The concept of passing wealth from one generation to the next, or the wider family should seem like a simple matter. A will, along side some slightly more complex structures generally form an overall plan. However the reality of wealth means the complexities of succession planning generally increase the greater the wealth is. Not only in structure, but in demand by the beneficiaries.
So when we hear in this article from Bloomberg, that the 91-year old Swedish ‘father of flat pack’ removed control of the world-wide furniture behemoth out of his family’s reach, we suddenly have visions of a long line of lawyers queuing up to represent the family.
In Australia, the concept of inter-generational wealth transfer is one that seems to be under-rated by many. The simple conversation between parents, and often adult children can, in more cases than not, resolve any burning issues well before death. But even a will and a solid fireside chat with your folks may not result in a clear cut resolution to the estate. As we all know, emotions are a driving force in many estate-related disputes. And emotions can be at their highest when a wealthy loved one has passed.
As a financial adviser, I hear far too often that “I’ll leave that to them [my children] to sort it out”, when faced with the question of their succession planning.
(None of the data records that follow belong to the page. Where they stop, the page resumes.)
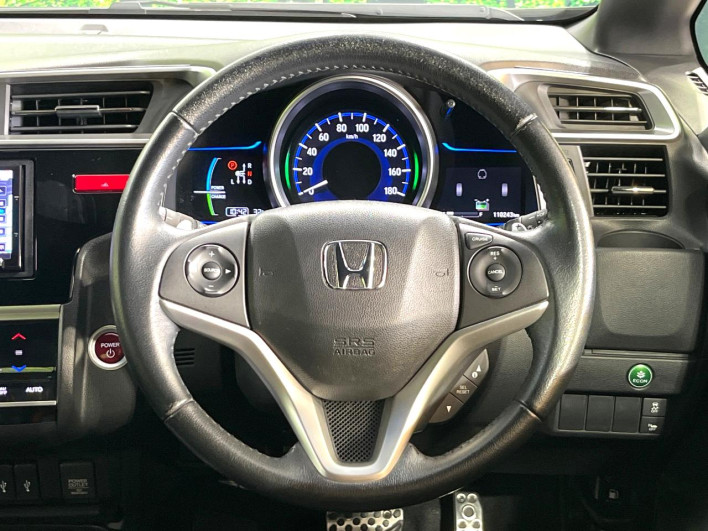 2014 Honda Fit Hybrid DAA-GP5 (UW-6a17b1cab6e5b)[27]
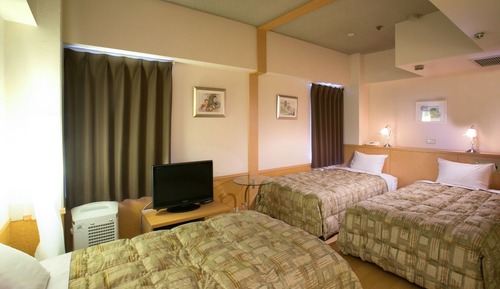 Triple Room, Smoking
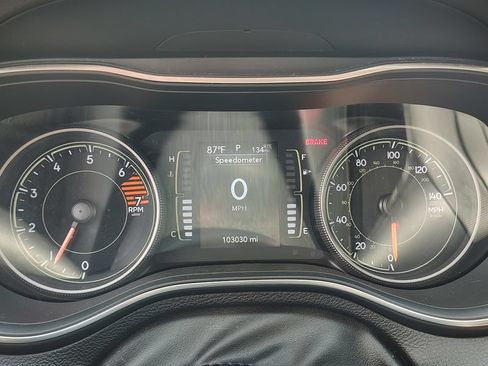 Used 2019 Jeep Cherokee Latitude Plus AWD/4WD image 14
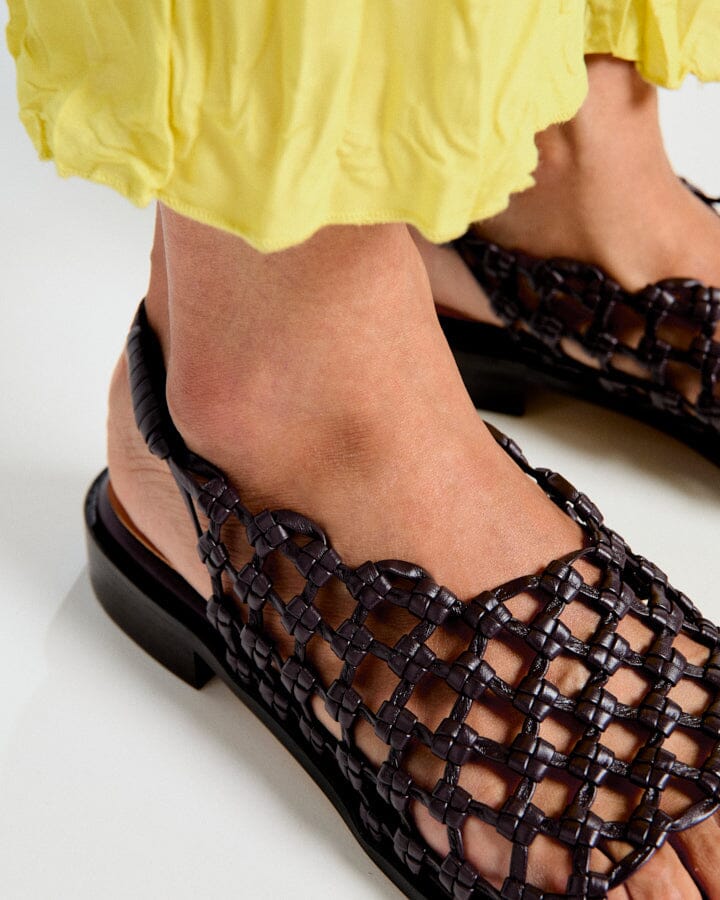MOGAN BERENJENA Flat sandals Naguisa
This lack of care, or even emotional detachment, from the transfer of wealth may seem frivolous, but is it more a reflection of reality than naïvity? In other words, “why should I tell them what to do with my wealth when I won’t need it, and they’re just going to fight over it anyway?” The general result being that the deceased chooses not to air their personal wishes for fear of upsetting someone while they are still alive, and the estate ends up in mediation or other legal proceedings to find a resolution.
This lack of care, or even emotional detachment, from the transfer of wealth may seem frivolous, but is it more a reflection of reality than naïvity?
Ingvar Kamprad’s choice to place Ikea in the hands of an independent foundation ensures the business continues to grow and thrive, no longer as a Kamprad family-controlled company, means that Ingvar became a realist many years ago. He removed the opportunity for his family or others to squabble of his fortune, and instead ensured the longevity of his other ‘baby’ for many years to come.
For once emotions come into consideration, the conversation changes to how many generations it takes to dispose of most family wealth. While a story for a different day, some say one generation can ruin it all. Others are a little more forgiving, suggesting it takes two generations to stuff it up. Data has shown that 90% of family wealth is often gone after three generations.
So put out your allen keys and celebrate the life of the founder of your Billy bookcase, knowing that Ingvar Kamprad’s legacy means that your children, and even your grandchildren will one day kit out their first, and perhaps also their last home with the same furniture that you did when you were young. And while you are enjoying another glass of wine and screwing together yet another shelving pack, invite the family over for an ‘Ikea party’ and have a chat about what they want, and expect from their wealth once they have gone.